Last Wednesday we put out a report on the EUR/GBP, highlighting a potentially bearish scenario after economic data from the UK outmatched the Eurozone. In addition to the data, we mentioned that an eventual rate hike from the Bank of England may come well before the European Central Bank starts tightening its policy. On that basis, we argued, that the long-term direction for the EUR/GBP is likely to remain to the downside. While we still hold that view, the Bank of England’s Inflation Report tomorrow and the situation regarding Greece may create some uncertainty about the near-term trend. Stay tuned on FOREX.com for my colleague Kathleen Brooks’ preview of the Inflation Report later on today.
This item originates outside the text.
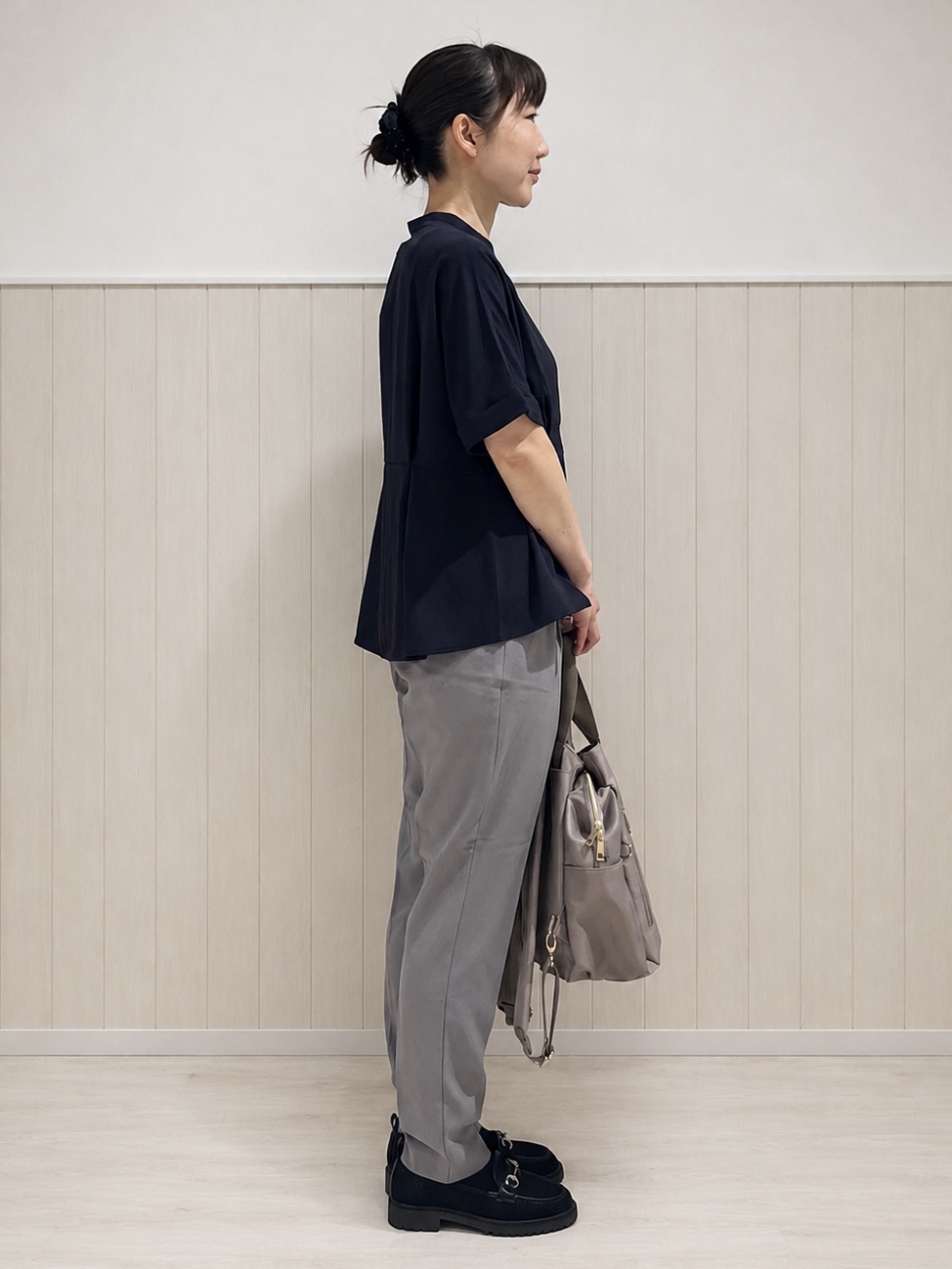 まつみさんの「SHOO･LA･RUE｜【ひんやり/UV/通勤】洗濯後しわになりにくい インしない ウエストタックペプラムブラウス」を使ったコーディネート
As it turned out, the EUR/GBP did in fact bleed lower after it broke below its short-term corrective trend (see the updated 2-hour chart, below). Since last Wednesday, the cross has broken a number of support levels, including 0.7495, 0.7450 and now 0.7410. Consequently it has dropped to its lowest level since January 2008, potentially paving the way for a move towards the Fibonacci extension levels at 0.7350/5 (127.2%) and 0.7285/90 (161.8%). The short-term bearish trend would weaken on a potential rally above resistance at 0.7450.
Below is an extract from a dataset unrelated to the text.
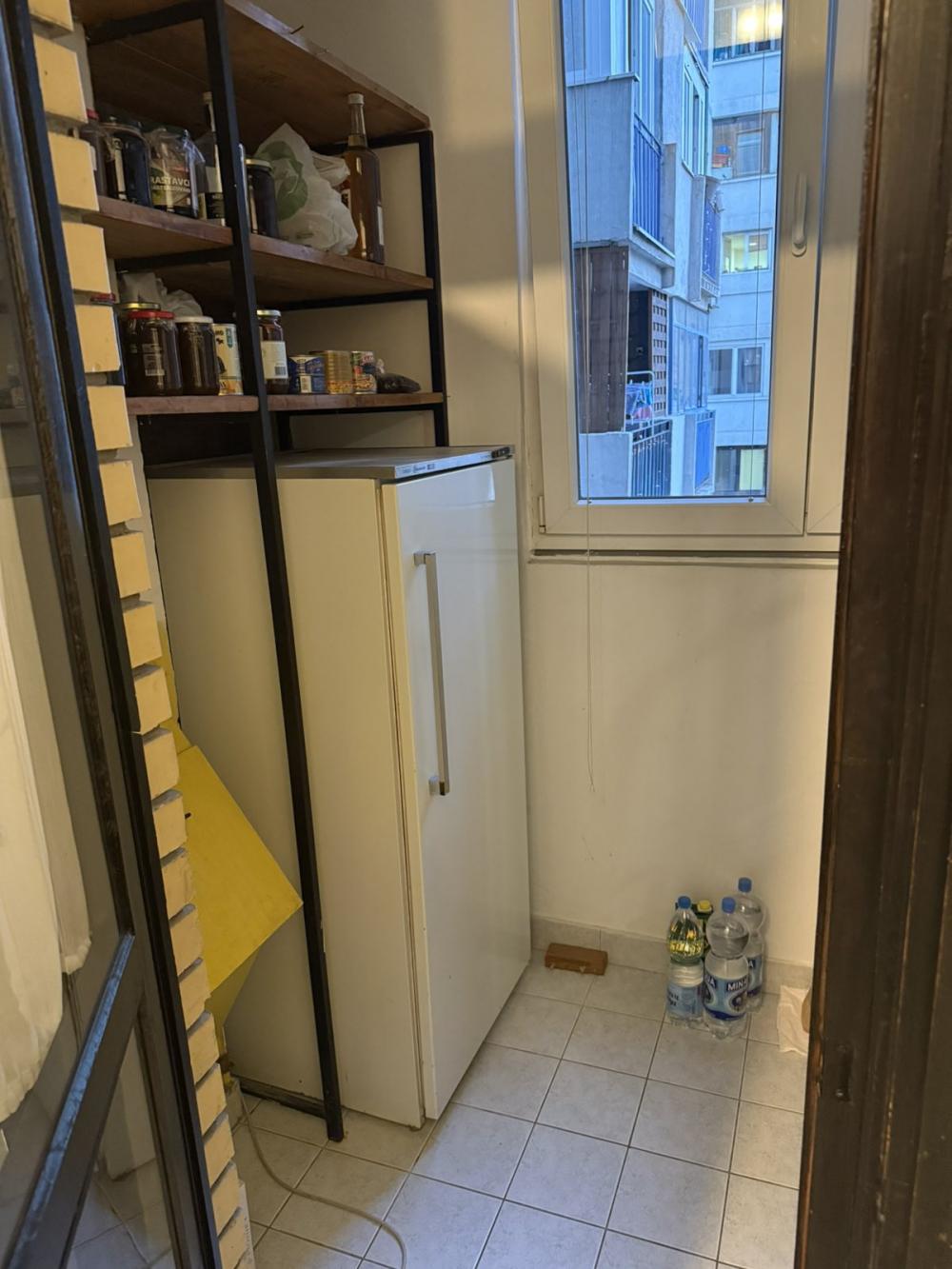 Stan na prodaju u Beogradu, Labudovo brdo, dvoiposoban, 65m2, cena 159000 evra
Meanwhile as a result of the recent sell-off, the EUR/GBP has also turned lower on the month, potentially resuming its longer term downward trend (see the monthly chart). Significantly, the long-term broken trend line on the EUR/GBP has now turned into resistance and so the path of least resistance is clearly to the downside on this timeframe too. This longer term bearish view will remain valid for as long as the EUR/GBP holds below the key resistance level of 0.7770. The next long-term support level to watch is around 0.7255. Not only does this correspond with the 61.8% Fibonacci retracement level of the long-term upswing but it was also formerly resistance. Thus it could provide some short-term support, should we get there. Below that is the psychological 0.70 handle.